Akcja rozpoczęła się bardzo szybko, ponieważ już w pierwszej minucie z życiem pożegnał się Sebastian "Color" Czyżyk. Reprezentanci hiszpańskiej organizacji wyłapali go w lesie i nie pozostawili ani cienia szansy na przeżycie. Toplaner nie miał lekkiego życia na swojej alei, ponieważ w siódmej minucie ponownie padł ofiarą przeciwnika. W międzyczasie Riders zajęli się też pierwszym smokiem i zbudowało sobie bardzo komfortową przewagę w złocie jeszcze przed upływem dziesiątej minuty.

Podczas pierwszej ważnej walki na środkowej alei Polacy musieli się wycofać. Zarówno leśnik, jak i wspierający zostali wysłani do fontanny, tak więc MRS mogło zająć się w spokoju Heroldem.
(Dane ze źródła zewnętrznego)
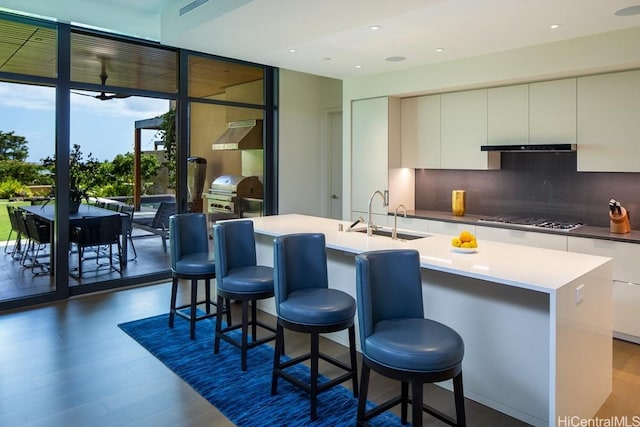 kitchen featuring decorative backsplash, dark wood-type flooring, sink, a center island with sink, and stainless steel gas stovetop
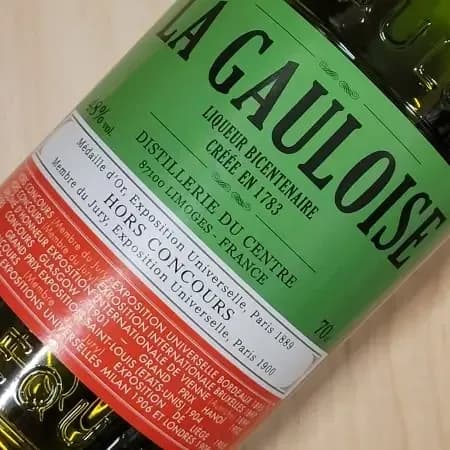 Close-up of a green bottle of La Gauloise liqueur with a prominent green and red label.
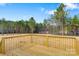 Wooden backyard deck with an expansive backyard space and trees at 3365 34Th Avenue Ne Ct, Hickory, NC 28601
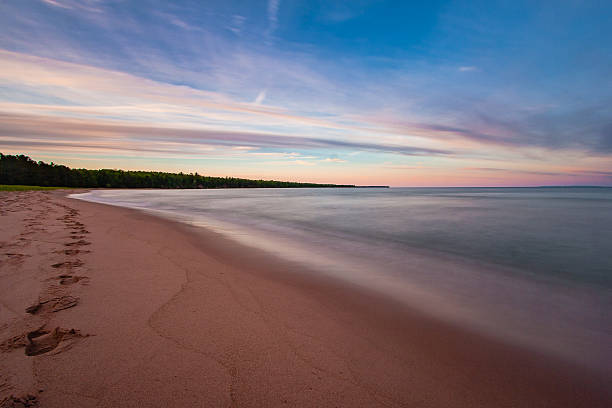 Sunset over Lake Superior A long exposure captures the smoothness of the waves at the beach on Madeline Island in the Apostle Islands in Lake Superior bayfield county stock pictures, royalty-free photos & images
Od tego momentu różnica w złocie zaczęła coraz bardziej się powiększać. Odpowiedź przyszła jednak w dwunastej minucie. Mistrzowie Ultraligi zgrupowali się na górnej alei i przystąpili do ataku. Dzięki temu PDW zyskało pierwsze dwie eliminacje i to w dodatku na konto Mateusza "Czajka" Czajki. Reprezentanci hiszpańskiej organizacji nie zwalniali i dzięki swojej ofensywie wciąż mieli ogromną przewagę.
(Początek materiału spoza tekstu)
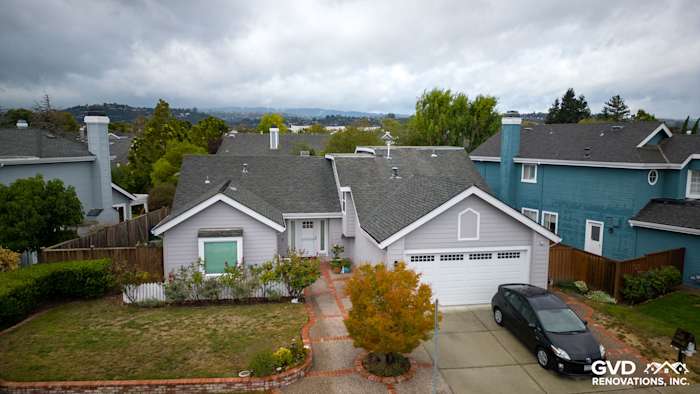 Home exterior featuring new Pearl Gray James Hardie siding and Milgard windows in Foster City, CA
W siedemnastej minucie mistrzowie Polski wygrali walkę o trzeciego smoka i to przywróciło Polakom nadzieję na wygraną. Okazało się, że w teamfightach PDW pomimo dużego deficytu jest w stanie zagrozić Movistar. Z czasem Czajkowi udało się zdobyć aż osiem zabójstw, dzięki czemu szanse na zwycięstwo zaczęły się zwiększać coraz bardziej. W 33. minucie doszło do niezwykle ważnego starcia. MRS udało się przepędzić reprezentantów Ultraligi z okolic Barona Nashora i przejąć fioletowe wzmocnienie. Różnica w złocie dochodziła już do dwunastu tysięcy. Dzięki temu ekipa ze strony niebieskiej mogła sięgnąć po Smoczą Duszę i to właśnie ona pomogła jej wedrzeć się do bazy rywala. PDW broniło się niezwykle dzielnie, ale w 43. minucie Nexus polskiej organizacji w końcu eksplodował.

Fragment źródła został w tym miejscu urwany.